Work task: The part below that opens with the line containing "I'll show you" and closes with the line containing "In addition, although" should be copied exactly, minus any pictures.

Provided information:
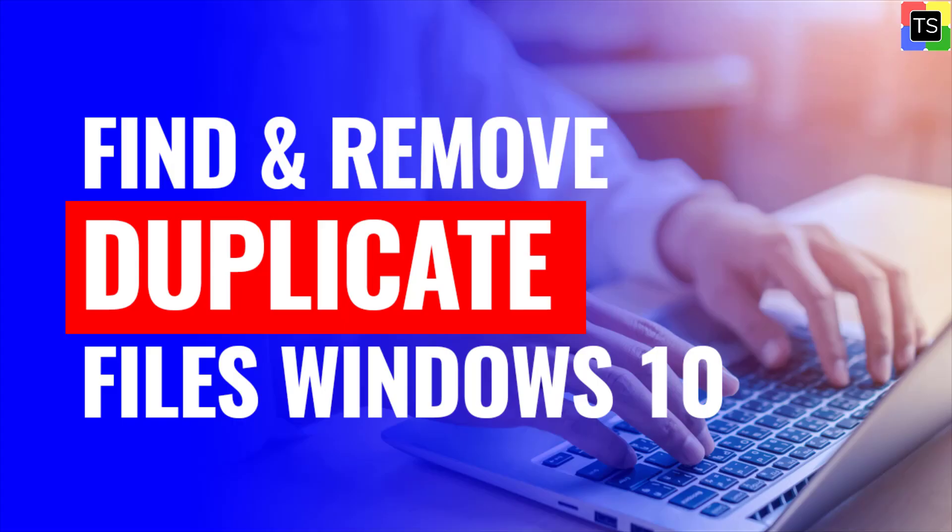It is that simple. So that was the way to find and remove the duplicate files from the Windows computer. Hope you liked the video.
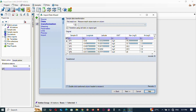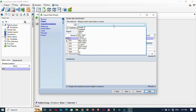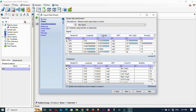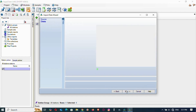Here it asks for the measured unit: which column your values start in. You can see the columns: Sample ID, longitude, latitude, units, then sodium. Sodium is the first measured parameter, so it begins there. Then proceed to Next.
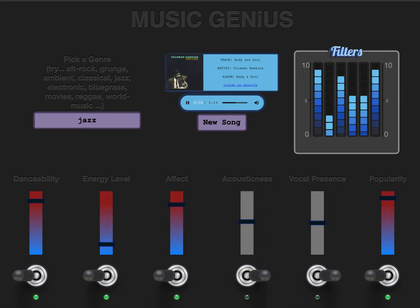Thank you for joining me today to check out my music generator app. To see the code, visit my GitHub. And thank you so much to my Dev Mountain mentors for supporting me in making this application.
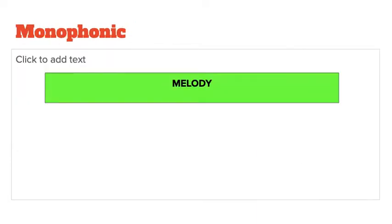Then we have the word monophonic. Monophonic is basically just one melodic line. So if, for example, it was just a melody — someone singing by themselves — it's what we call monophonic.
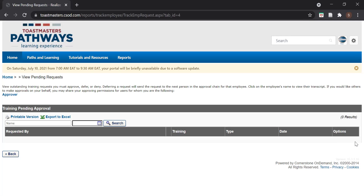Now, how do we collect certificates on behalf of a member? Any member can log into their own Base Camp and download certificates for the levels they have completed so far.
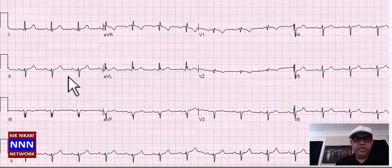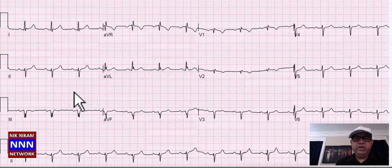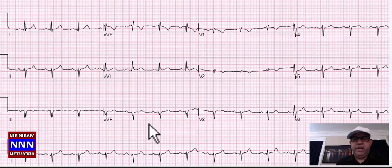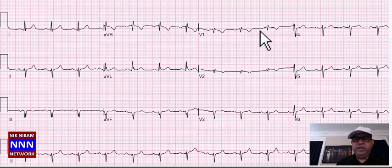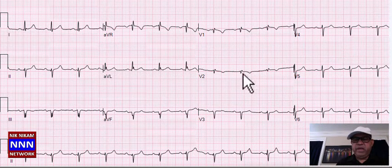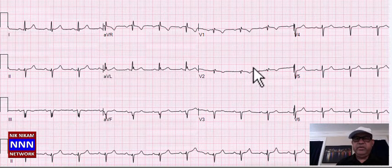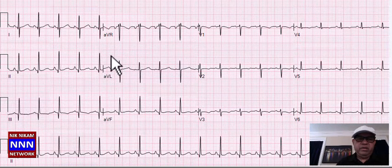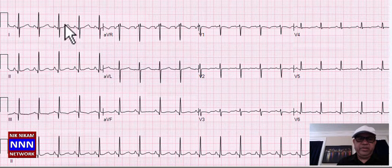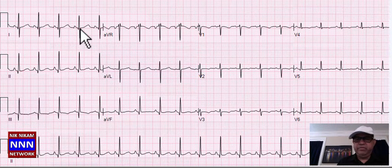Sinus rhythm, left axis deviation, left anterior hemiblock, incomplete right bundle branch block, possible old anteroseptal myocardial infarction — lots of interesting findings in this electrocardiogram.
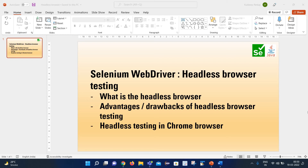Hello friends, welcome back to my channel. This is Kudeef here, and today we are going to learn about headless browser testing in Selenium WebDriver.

==

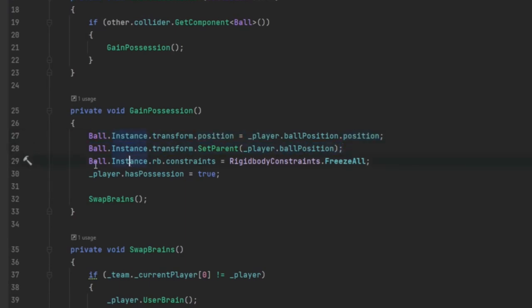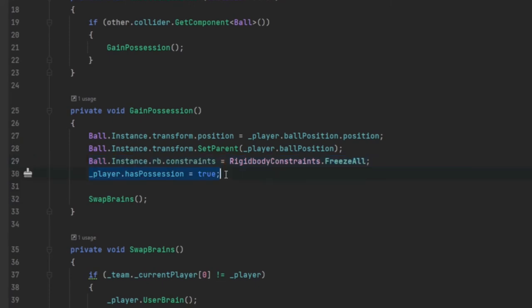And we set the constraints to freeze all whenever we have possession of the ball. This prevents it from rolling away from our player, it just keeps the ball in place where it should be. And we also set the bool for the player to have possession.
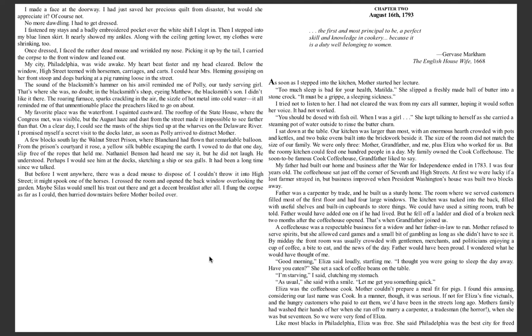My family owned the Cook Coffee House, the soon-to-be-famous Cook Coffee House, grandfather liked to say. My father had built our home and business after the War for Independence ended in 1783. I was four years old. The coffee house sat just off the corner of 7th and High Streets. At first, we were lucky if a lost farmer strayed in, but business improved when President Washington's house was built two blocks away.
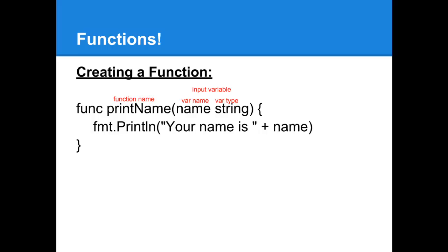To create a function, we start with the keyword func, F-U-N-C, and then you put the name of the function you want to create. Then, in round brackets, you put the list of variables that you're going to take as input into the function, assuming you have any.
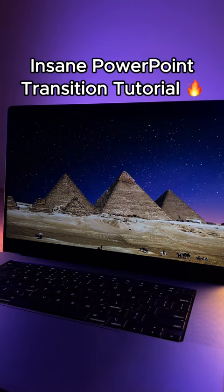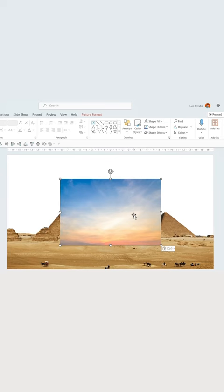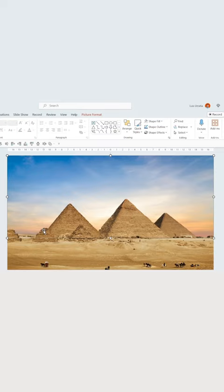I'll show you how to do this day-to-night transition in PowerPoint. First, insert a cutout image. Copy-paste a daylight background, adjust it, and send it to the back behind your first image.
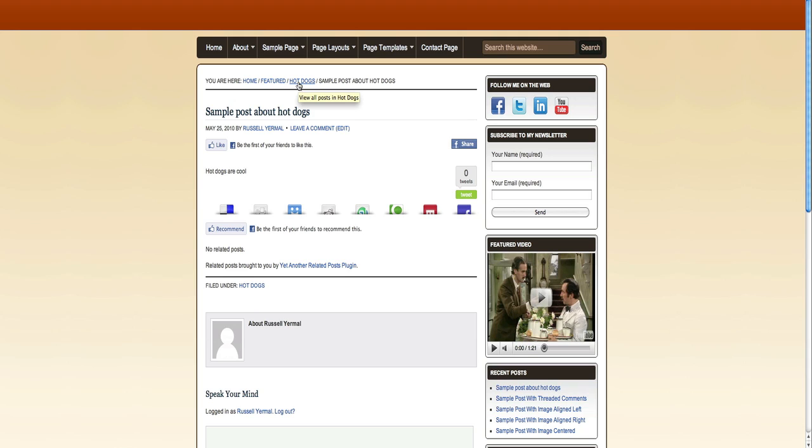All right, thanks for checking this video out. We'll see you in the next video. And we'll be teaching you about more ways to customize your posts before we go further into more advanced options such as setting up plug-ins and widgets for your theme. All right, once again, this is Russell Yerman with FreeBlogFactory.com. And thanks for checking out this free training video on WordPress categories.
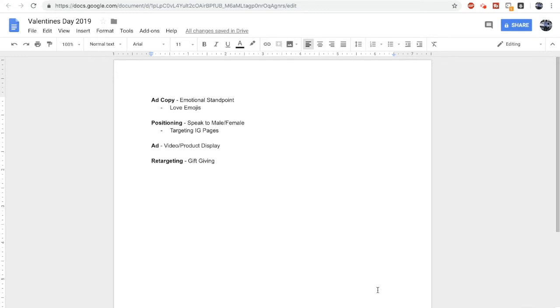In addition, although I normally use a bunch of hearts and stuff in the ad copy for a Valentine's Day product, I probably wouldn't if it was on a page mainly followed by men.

Solution for this task:
I'll show you how to do this day-to-night transition in PowerPoint. First, insert a cutout image. Copy-paste a daylight background, adjust it, and send it to the back behind your first image.
All right, thanks for checking this video out. We'll see you in the next video. And we'll be teaching you about more ways to customize your posts before we go further into more advanced options such as setting up plug-ins and widgets for your theme. All right, once again, this is Russell Yerman with FreeBlogFactory.com. And thanks for checking out this free training video on WordPress categories.
In addition, although I normally use a bunch of hearts and stuff in the ad copy for a Valentine's Day product, I probably wouldn't if it was on a page mainly followed by men.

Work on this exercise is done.